Боря удалился по халдейским своим заботам, а Антон Самойлович снял траурный черный пиджак свой, повесил его на рогатую стойку-вешалку у двери, ослабил узел черного же, в серебряную пыль, галстука, расстегнул верхнюю пуговицу иссиня-белой рубашки, сел во главе длинного, уставленного холодными закусками, стола и задумался. Только теперь, когда закончились, наконец, все эти неприятные похоронные хлопоты, эти морги, венки, катафалки, автобусы, он вдруг с удивлением понял, что потерял друга. Не верил он, мы говорили, ни в дружбу, ни в любовь, ни в черта лысого, а вот подкатил сейчас какой-то склизкий ком к горлу, встал между головой и сердцем, а, и там и там, пустота какая-то. Вдруг оказывалось, что все пространство, заложенное в нем кем-то для не только работы и бытовых забот, занимал всю его жизнь этот никчемный, беспечный, безответственный человек, Антон Семенович Сивухин. Антон Самойлович даже как-то испугался и заметно вспотел. Не в его характере сопли по щекам размазывать. Смерть есть логическое завершение жизни. Тем более, такой. Курево, вино, беспорядочные связи... Но... «А я?.. – защемило сердце Антону Самойловичу. – Ну, протяну еще двадцать-тридцать лет праведником, и что? Вот так же кто-то будет хлопотать? Морги, венки, цветы, ящик водки... И все?! Что?! Что мы на земле? И, главное, почему обыкновенный уход человека навсегда, оставляет эту пустоту? Это же уже не ньтоновская механика – релятивистская! А может...». Тут в дверь постучали, и в щель протиснулась, о двух подбородках, физиономия Натальи Павловны, зама председателя профкома института. Вот ведь. Коммунисты давно исчезли, а профсоюз, как жил, так и живет, словно и не было никакой перестройки, развенчанных вождей, экспроприированных экспроприаторов экспроприаторов, переоценки вечных марксистских ценностей...
- Антон Самойлович, - согнула скорбной подковкой сильно накрашенные губы свои Наталья Павловна.
- Да, - вышел из задумчивости панихидный шафер. – Вы уже?..
- Да, - протиснула она в щель и остальные свои достояния, в центнер веса. – Тут..., - замялась она, - видите ли..., Сергей Сергеич..., самолично... Тоже хочет...
- Сергей Сергеич? – засуетился Антон Самойлович, - Черт. У меня и прибора-то на него... Наташ. Ты, как бы..., давай..., это...
- Да понятное дело, Антон Самойлович. Он ведь на первый тост, думаю, только.
- Вот и славно. Погуляй. А как выйдет, так и... Я Боре скажу, чтобы прибор сменил потом.

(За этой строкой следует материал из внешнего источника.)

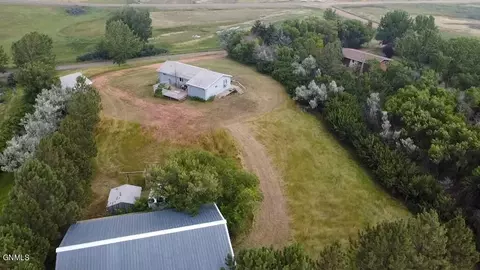 3101 11th St NE, Watford City, ND 58854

- Да вы не волнуйтесь так, Антон Самойлович. Я Борю сама хорошо знаю. Сама и распоряжусь.
- Вот и славно..., - обрадовался Антон Самойлович.
Да и не тому обрадовался, что проблема сама решилась, но тому, что она, вообще, появилась. Уж больно тяжки, непривычны, пугающе-незнакомы были его последние мысли. Тут дверь распахнулась настежь, и в зал вошел двухметровый Сергей Сергеич, директор НИИ и член-корреспондент РАН. Такая честь, учитывая еще и такой... нестандартный, так сказать, способ смерти, больно кольнула Антона Самойловича. Он вдруг подумал: «А вот ко мне... пришел бы он?».

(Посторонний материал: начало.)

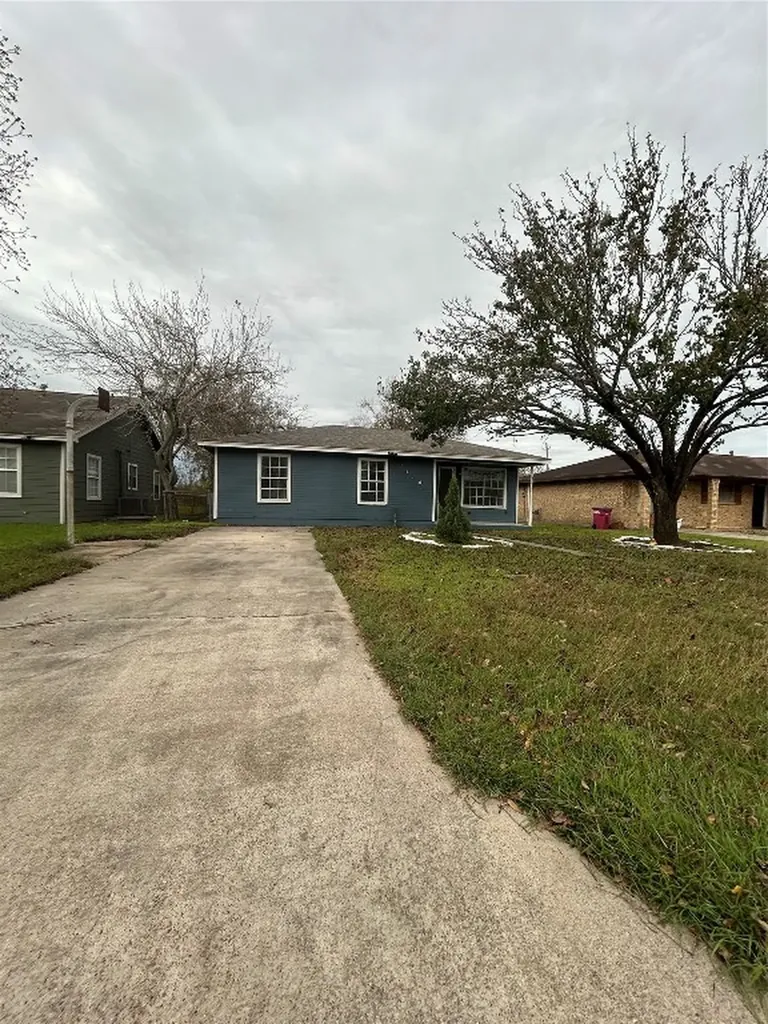 1710 N Avenue H Freeport TX 77541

- Мои соболезнования, - пробасил Сергей Сергеич, протягивая ему огромную, в добрую сковородку, лапу. – Он был... вашим другом и... прекрасным человеком.
Сергей Сергеич привычно прошел на «тронное место» и привычно скомандовал боязливо ютящимся в дверях гостям: «Присаживайтесь, товарищи». Народ, сумбурно ввалился в помещение и, шепотом перебраниваясь о распределении мест поближе к директору, наконец угомонился. Сергей Сергеич встал.
- Прошу вас разлить. Я же...
Академик картинно замялся, посерел, будто на него плеснули ушат серой краски и продолжил:
- Мне трудно говорить..., вам трудно слушать..., Но... Мы с вами ученые, люди науки. Для нас неизбежность, неоспоримость факта не просто закон. Она для нас, и руководство к анализу, и руководство к выводу, и руководство к действию. Стоит ли напоминать, сколько для нас значил Антон Самойлович...
Зал тихо зашипел, все стали переглядываться и тайком посматривать на Антона Самойловича. Вот ведь незадача. Простительно, конечно, руководителю такого ранга, что не очень помнит имена-отчества клерков среднего звена. Но такая ошибка... Антон Самойлович заметно побледнел, рюмка, которую он держал поднятой, дрожа опустилась на стол, но он быстро взял себя в руки. Сергей Сергеич же, не обратив никакого внимания на это легкое смятение аудитории и даже, скорее, приняв его за одобрение, продолжал:
- Антон Самойлович был настоящим рыцарем науки. Уже в двадцать пять лет он защитил сложнейшую диссертацию по квантовым измерениям редукции волновой функции...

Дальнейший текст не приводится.